WHAT TO WORK ON> Below are some entries. Transcribe the lines from the one holding "Во Львове упавший башенный кран смял два легковых автомобиля Во" to the one holding "Casa à venda com 1032m², 5 quartos e 3 vagas Casa", inclusive, but not the pictures among them.

Short web captions
══════════

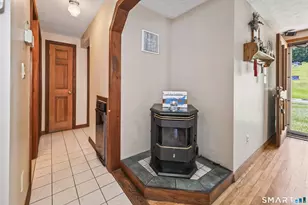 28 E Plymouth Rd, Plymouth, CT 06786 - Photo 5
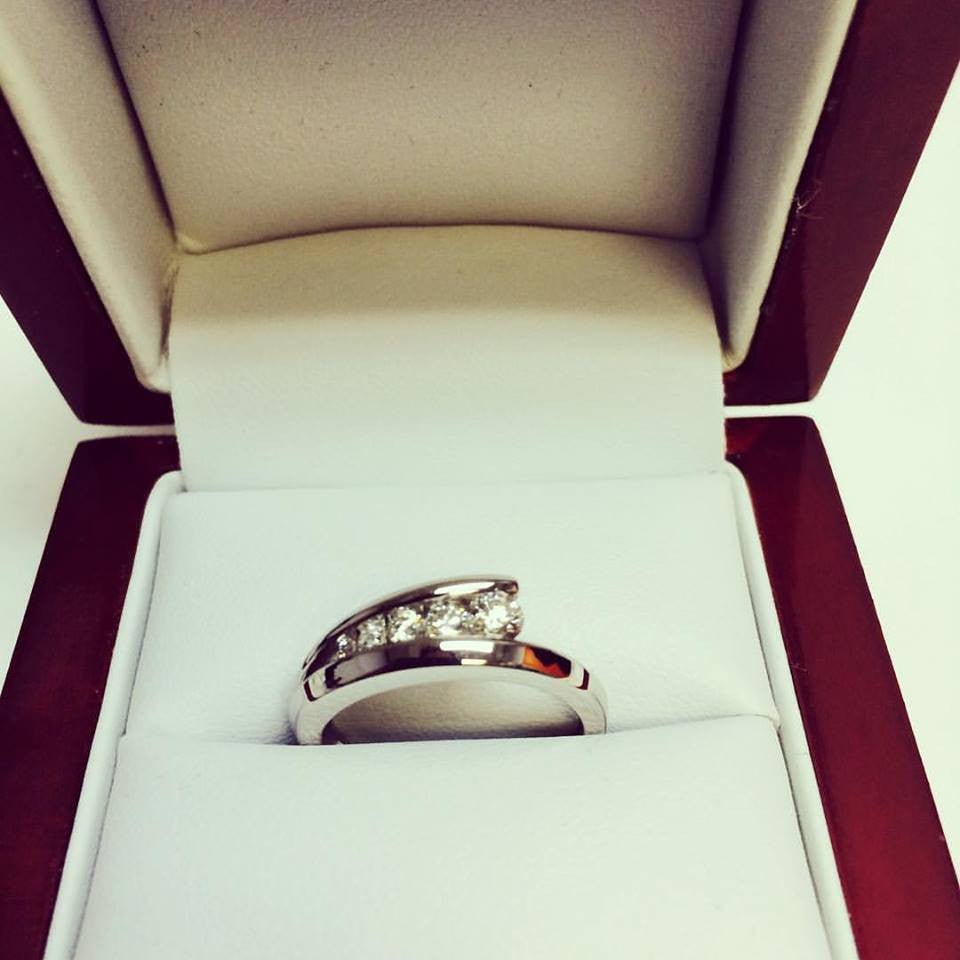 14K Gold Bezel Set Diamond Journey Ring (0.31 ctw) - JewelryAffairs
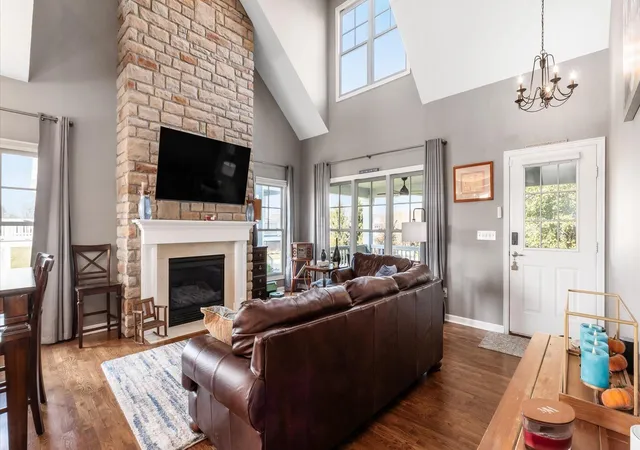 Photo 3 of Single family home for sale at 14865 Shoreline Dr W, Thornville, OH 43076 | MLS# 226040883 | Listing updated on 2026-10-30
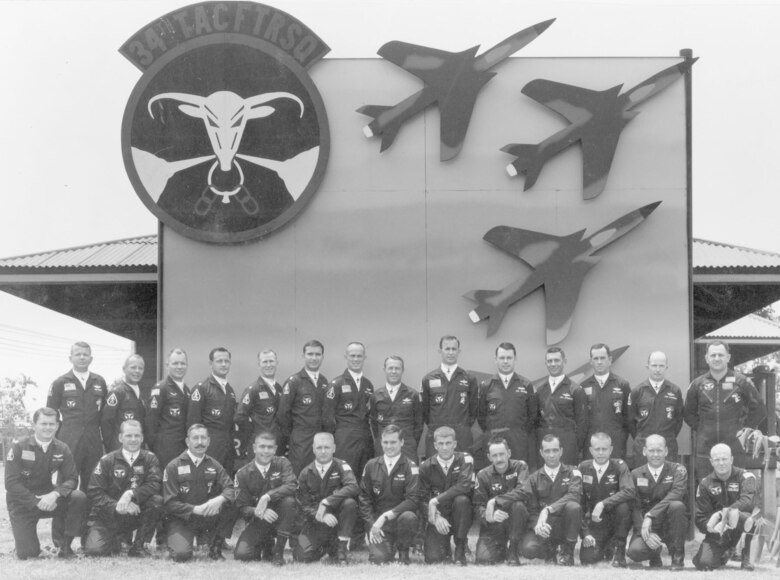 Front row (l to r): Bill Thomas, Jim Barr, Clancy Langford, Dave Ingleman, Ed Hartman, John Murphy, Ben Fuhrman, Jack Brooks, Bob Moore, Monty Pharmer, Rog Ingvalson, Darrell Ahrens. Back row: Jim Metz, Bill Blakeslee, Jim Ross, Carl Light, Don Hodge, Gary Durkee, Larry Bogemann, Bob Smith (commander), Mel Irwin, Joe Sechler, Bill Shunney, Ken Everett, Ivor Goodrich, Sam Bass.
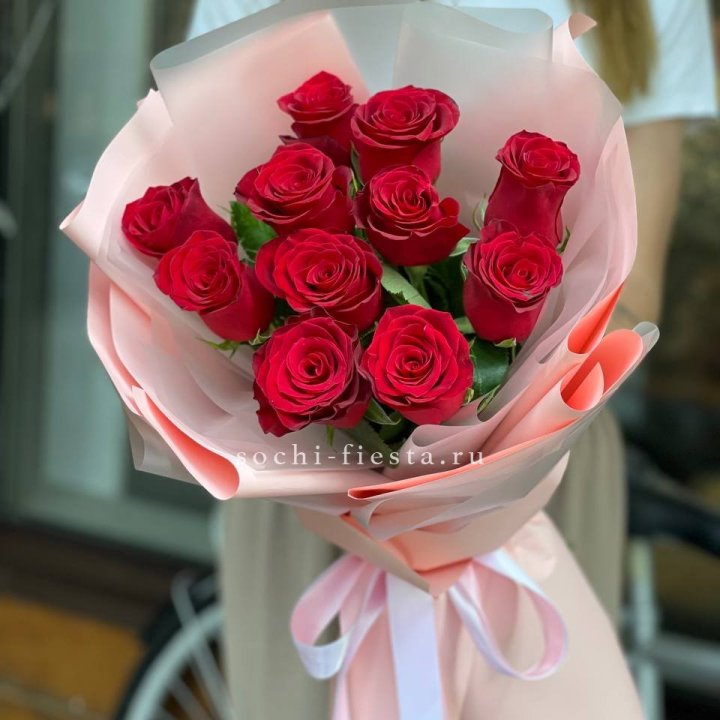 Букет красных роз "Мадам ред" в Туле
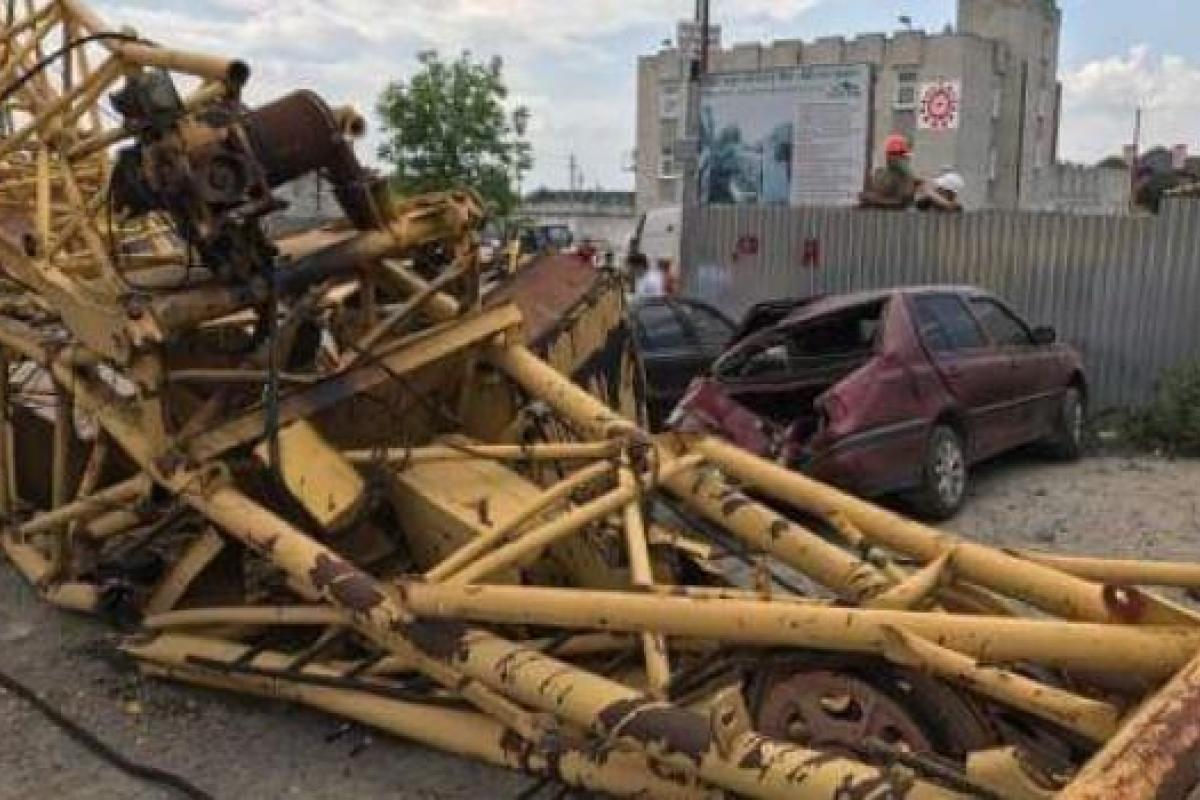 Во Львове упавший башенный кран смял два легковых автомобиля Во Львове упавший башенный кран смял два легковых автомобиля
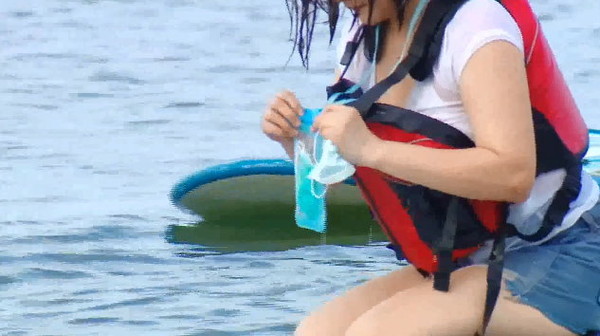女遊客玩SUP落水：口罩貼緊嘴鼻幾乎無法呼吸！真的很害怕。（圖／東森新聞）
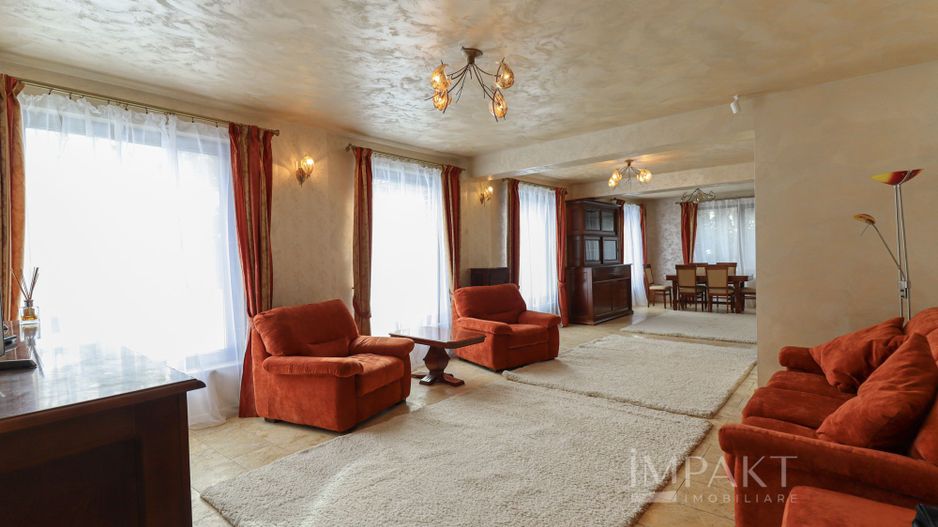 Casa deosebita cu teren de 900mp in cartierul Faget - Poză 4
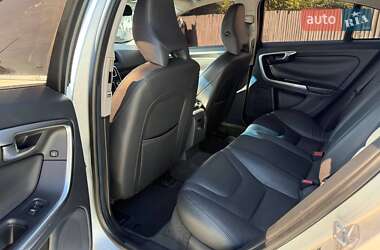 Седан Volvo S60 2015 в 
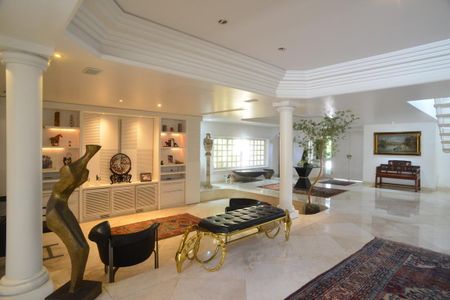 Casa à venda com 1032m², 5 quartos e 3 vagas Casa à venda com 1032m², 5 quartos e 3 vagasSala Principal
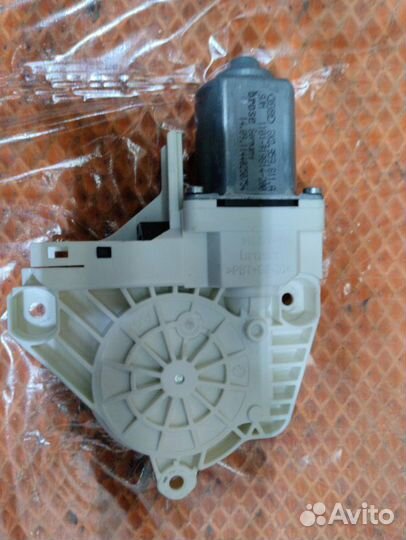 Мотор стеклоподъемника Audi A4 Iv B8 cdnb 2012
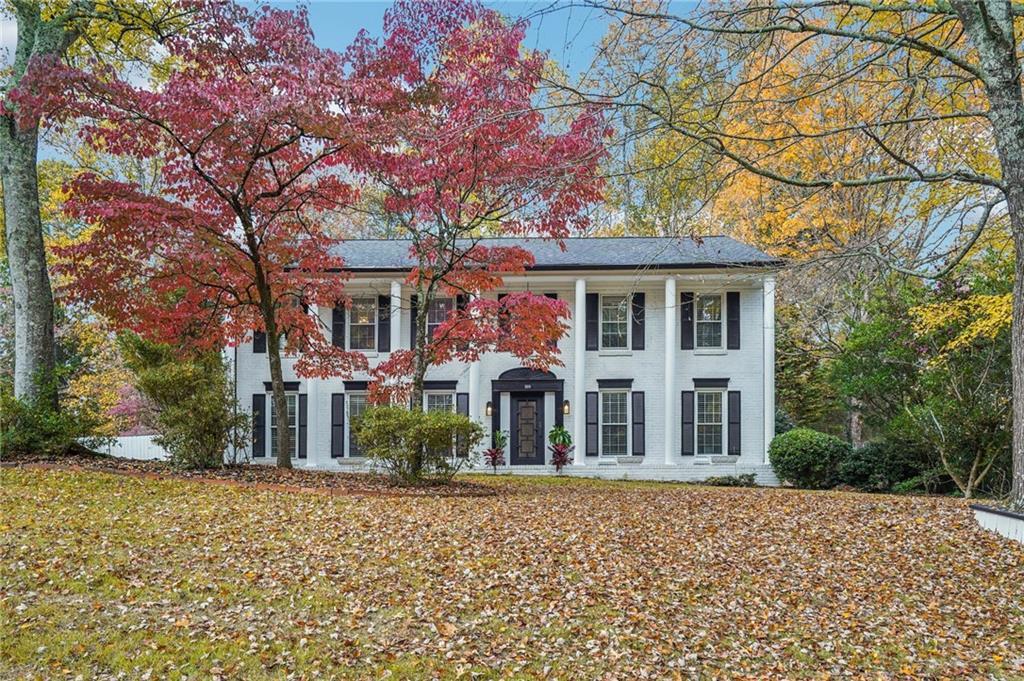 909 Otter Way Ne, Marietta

══════════

TASK RESPONSE>
 Во Львове упавший башенный кран смял два легковых автомобиля Во Львове упавший башенный кран смял два легковых автомобиля
女遊客玩SUP落水：口罩貼緊嘴鼻幾乎無法呼吸！真的很害怕。（圖／東森新聞）
 Casa deosebita cu teren de 900mp in cartierul Faget - Poză 4
 Седан Volvo S60 2015 в 
 Casa à venda com 1032m², 5 quartos e 3 vagas Casa à venda com 1032m², 5 quartos e 3 vagasSala Principal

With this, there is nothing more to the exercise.